Overwhelmed U.S. Deportation Officers Lose Track of Thousands of Criminals—“You might work 18 hours a day, but you still won’t get caught up.”
The federal agency responsible for deporting illegal immigrants is in serious trouble, with overwhelmed officers that can’t keep up with monstrous workloads and repeatedly lose track of hardcore criminals inside the United States. Hundreds of thousands of illegal aliens with criminal records have been released by authorities in the U.S. and the Homeland Security agency responsible for keeping track of them, Immigration and Customs Enforcement (ICE), is doing a miserable job, according to a new audit made public this week by the Department of Homeland Security (DHS) Inspector General.
As of August 2016, ICE was supervising about 2.2 million aliens released into communities throughout the nation. Officially they are known as appearing on the “non-detained docket.” About 368,574 are convicted criminals, the watchdog report states. To put things in perspective the inspector general reveals that in 2015 ICE removed 235,413 individuals of which 139,368 were convicted criminals. A surge in illegal immigrants under the Obama administration pushed matters into crisis mode. Deportation officers are so overworked that they often lose track of dangerous illegal aliens with serious criminal histories. This includes individuals who represent critical national security threats, according to the federal probe.
ICE does not ensure that deportation officer workloads are balanced and achievable, the report states, and the agency doesn’t provide clear policies and procedures or sufficient training and tools. Additionally, ICE fails to effectively prepare its workforce to handle complicated deportations. The result is an agency that operates in chaos and compromises the well-being of unsuspecting communities nationwide, not to mention national security. “ICE does not effectively manage the supervision and deportation of nondetained aliens,” the report says. “Effective management requires preparing and deploying the right number of employees to achieve program and policy objectives.” Furthermore, the agency doesn’t bother collecting and analyzing data about employee workloads to allocate staff judiciously and determine achievable caseloads, according to the inspector general.
As an example, the report reveals that ICE deportation officers in the District of Columbia average over 10,000 cases each and those in Atlanta, Georgia over 5,000. One ICE agent cited in the report said this: “You might work 18 hours a day, but you still won’t get caught up.” Inspectors visited four key field offices and determined that the management deficiencies and unresolved obstacles make it difficult for the feds to deport aliens expeditiously. “ICE is almost certainly not deporting all the aliens who could be deported and will likely not be able to keep up with growing numbers of deportable aliens,” the report states. This is hardly earth-shattering news, but it’s still alarming to confirm the large number of criminals that fall through the cracks.

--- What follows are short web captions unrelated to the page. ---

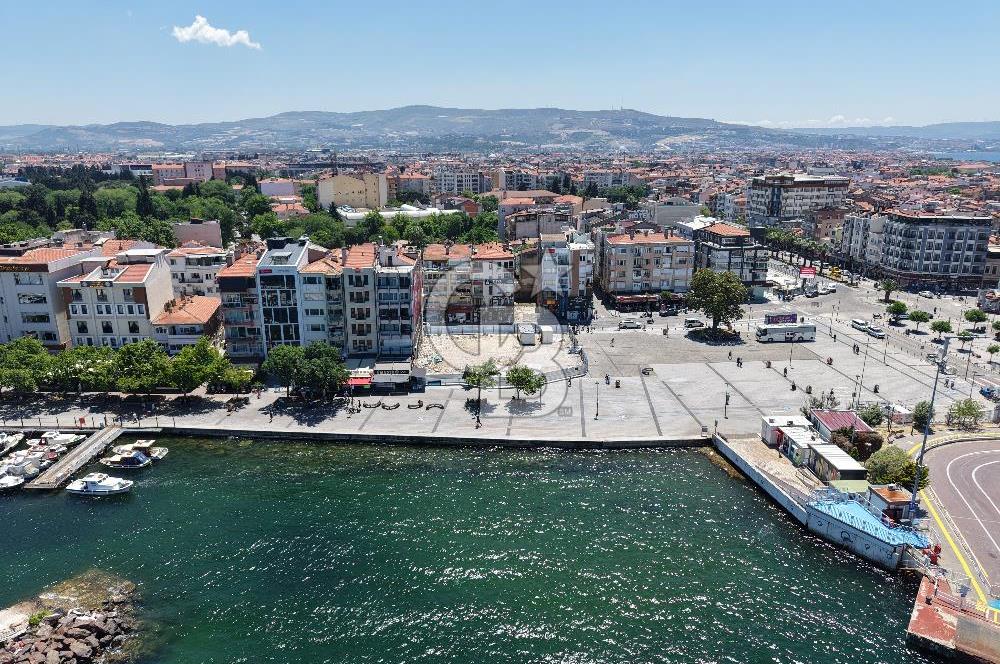Çanakkale Kordon’da Eşsiz Boğaz Manzaralı 3+1 Satılık Daire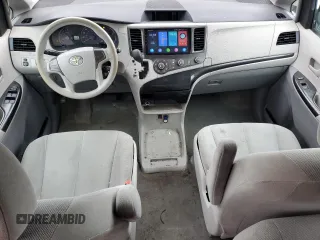 2011 Toyota Sienna with VIN 5TDZK3DC6BS151402, listed as a Copart auction lot 86147774 with 388,569 mi miles and Clean Title. Bid and sale history available at carsss.com. Image 8.
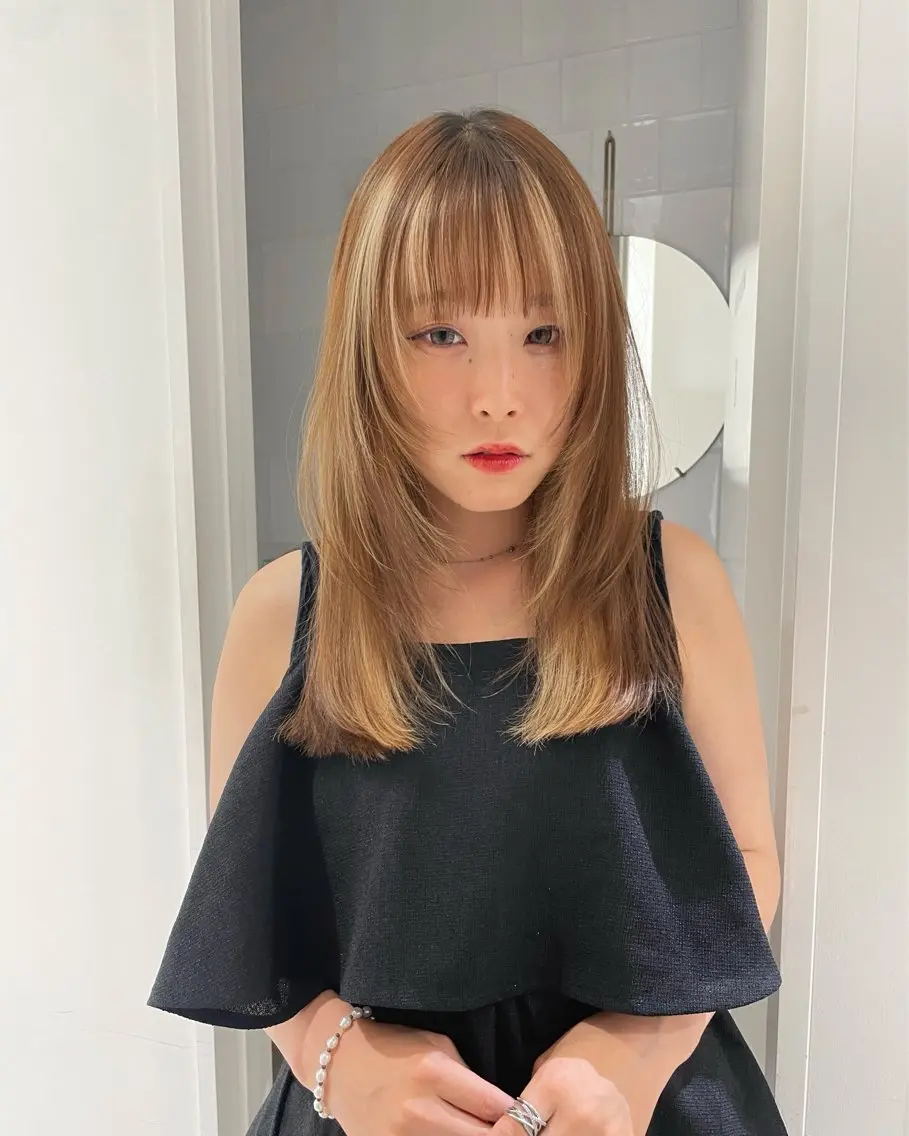 セミロング 顔まわりレイヤー 顔周りカット レイヤーカット カット ヘアカラー アサカ/透明感カラー /レイヤーカットのヘアスタイル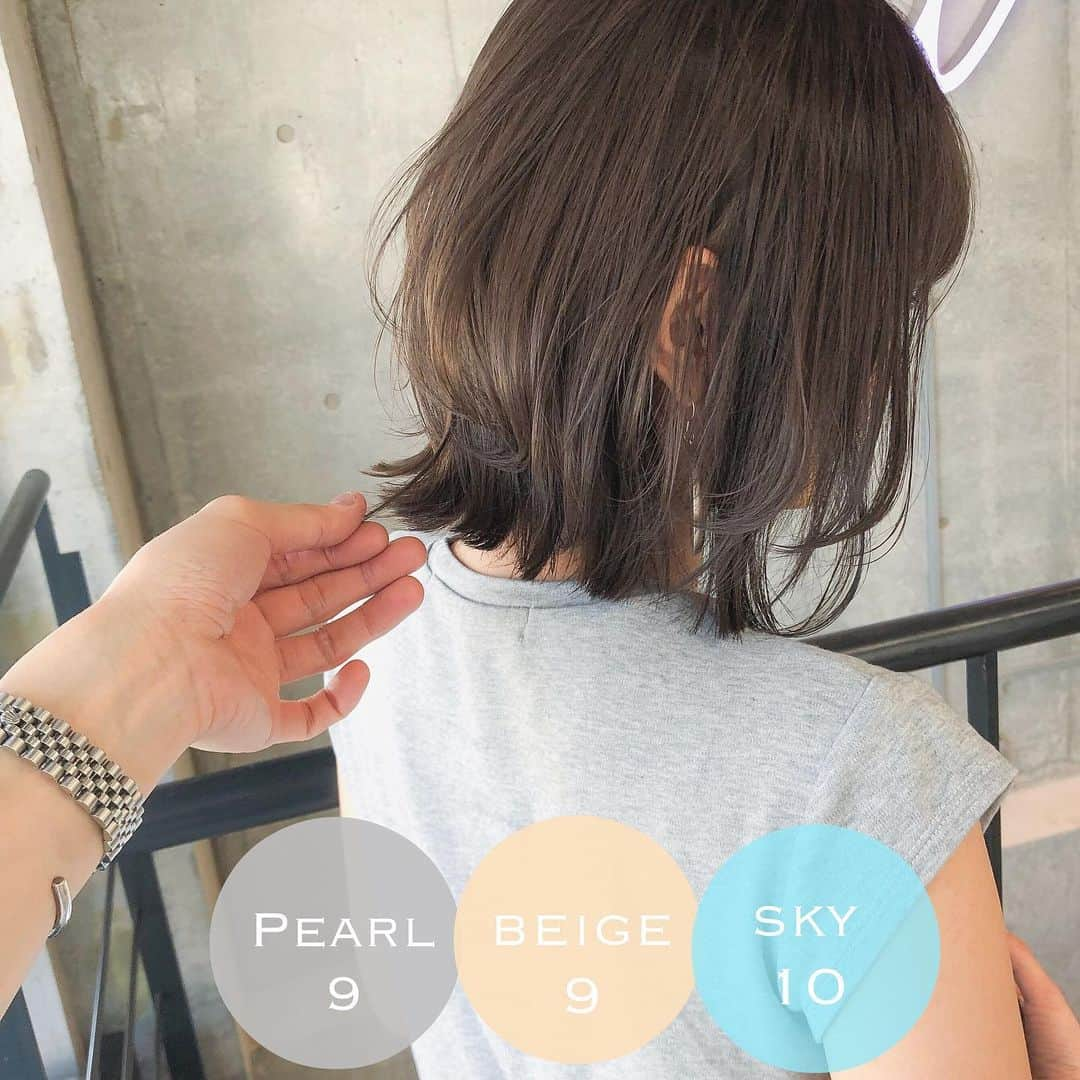 小西涼さんのインスタグラム写真 - (小西涼Instagram)「８月人気ヘアカラー4選✳︎ ８月も沢山ありがとうございました！！ ①オリーブアッシュ ②パールベージュ ③オリーブベージュ ④ラベンダーアッシュ ． ． スタイルの組み合わせも、 参考にして下さい✨ ． ~ ~ ~ ~ ~~ ~ ~ ~ ~ ~~ ~ ~ ~ ~ ~ 保存して毎日のスタイリングの参考に😊✨ @ryokonishi_ways フォローして 美容コンテンツをマネしてみてください😉 ~ ~ ~ ~ ~ ~~ ~ ~ ~ ~ ~ ~ ~ ~ ~ ~  #ボブ#外ハネボブ#きりっぱなし#前髪 #外ハネ#ミディアム#ベージュ #レイヤーカット#レイヤー#セミディ #グレージュ#グレーベージュ#ヘアカラー #オリージュ#ハイライト#シークレットハイライト#カット#ベージュ#ハイライト #美容学生#美容室#美容学校#美容師」8月31日 22時34分 - ryokonishi_ways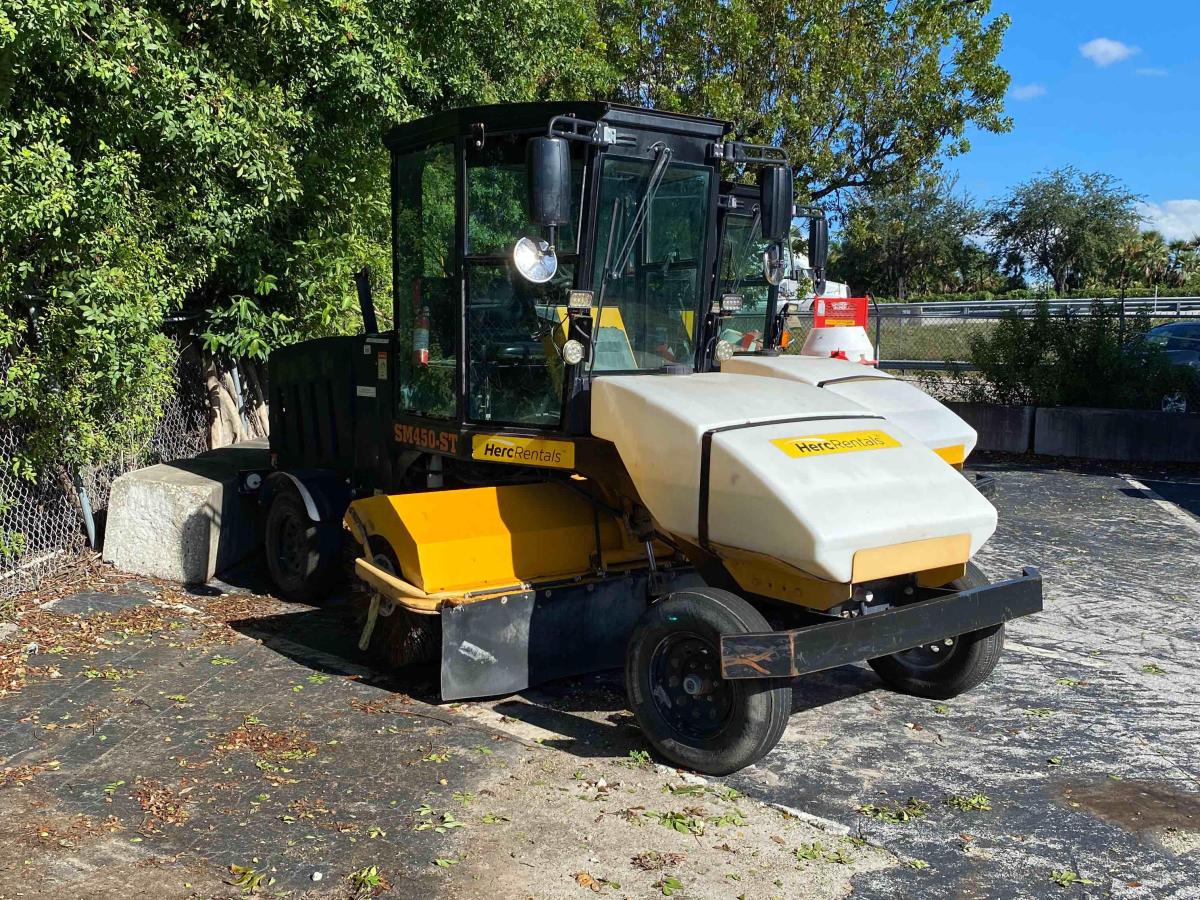 2018 LayMor SweepMaster 450-ST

The investigation is a follow up to a related probe surrounding ICE’s negligence in failing to deport an illegal immigrant with a serious criminal record at least three times, allowing him to murder a young woman in Connecticut. The Haitian man, Jean Jacques, had completed a 15-year sentence for murder and was supposed to be removed from the country after leaving prison. Instead, he remained in the U.S. and viciously butchered the woman to death in her own apartment. ICE claims that Haiti simply refused to take Jacques—on three different occasions. In a scathing report issued last summer the DHS Inspector General blasted ICE for not doing more to remove Jacques from the country and failing to contact the Haitian consulate in Miami, Florida to request a travel document after Jacques’ third repatriation rejection. “There is no record that ICE ERO (Enforcement and Removal Operations) made this request,” the report states, adding that “ERO officials had previously made hundreds of similar requests to the Haitian consulates for travel documents without success and we have no reason to believe that the Jacques matter would have been different.”